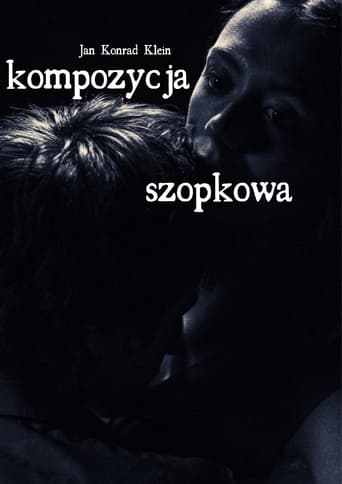 Poster of Kompozycja szopkowa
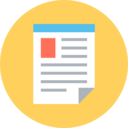 interface,file,text,document,files and folders,archive,news,text lines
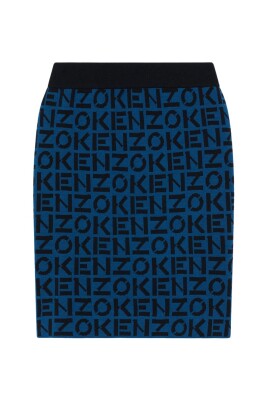 elegant-short-skirt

The problem:
The reply should consist of the listing restated word for word, with its pictures removed.

Expected answer:
 Poster of Kompozycja szopkowa
 interface,file,text,document,files and folders,archive,news,text lines
 elegant-short-skirt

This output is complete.